1) spectralCentroid uses a default window length of 30 ms. Librosa uses a default of 2048 samples. I feel a default in ms is better than a default in samples, since 2048 samples might be too long or short depending on your sample rate.
2) spectralCentroid uses a default overlap length of 20 ms. Librosa uses a default of 2048-512 samples.
3) spectralCentroid uses the power spectrogram by default. Librosa uses the magnitude spectrogram.
4) Librosa pads the audio with zeros to center the results. MATLAB does not.
Here is how to call spectralCentroid to match Librosa (within floating point errors):
windowLength = 2048;
win = hann(windowLength,'periodic');
overlapLength = windowLength - 512;
audioIn = [zeros(windowLength/2,1);audioIn];
centroidML = spectralCentroid(audioIn,fs,'Window',win,'OverlapLength',overlapLength,'SpectrumType','magnitude');
  2 Comments
Yixuan Leow
Yixuan Leow on 3 Apr 2020
Thanks Jibrahim! I managed to match my MATLAB results with the Librosa!

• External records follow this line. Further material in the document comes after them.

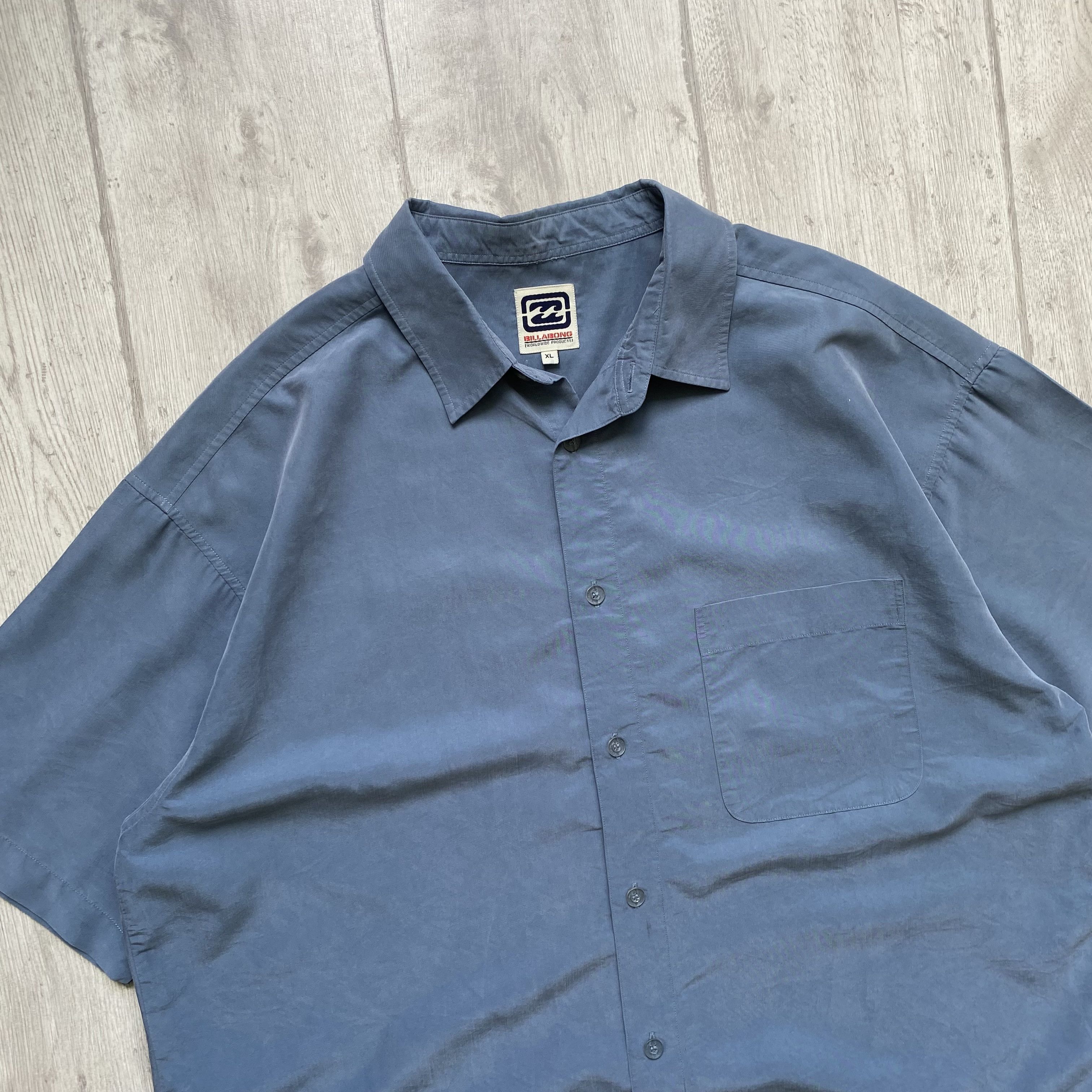 Billabong 🏄🏼‍♂️Vintage 90s Billabong Short Sleeve Shirt Surf style Size US XL / EU 56 / 4 - 3 Thumbnail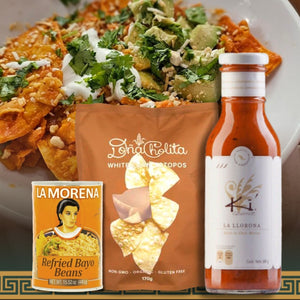 Red Chilakiles cookin Kit El Cielo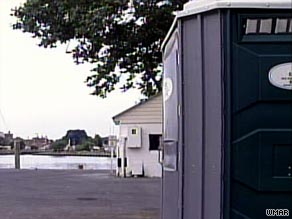 Woman tossed newborn in portable toilet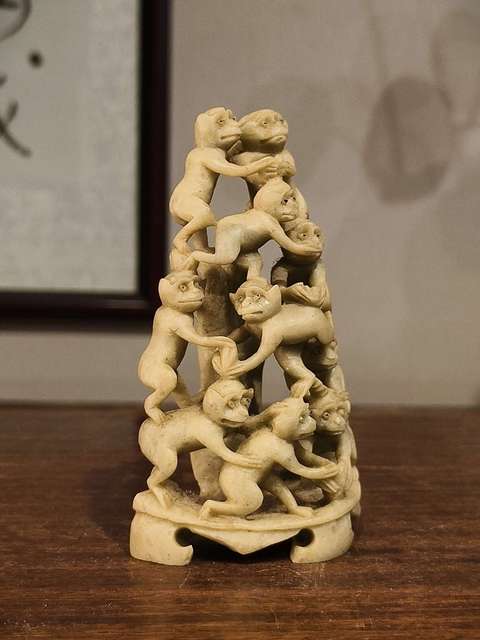 古玩雜項青田石擺件真品鑒賞圖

It seems like I can also change the window length in samples if I want to? Really appreciate the help.
jibrahim
jibrahim on 3 Apr 2020
Edited: jibrahim on 3 Apr 2020
Yep, you can specify the window to a vector of any length. But if you skip specifying the window, then the default length is round(fs*0.03), and it's a hamming window by default.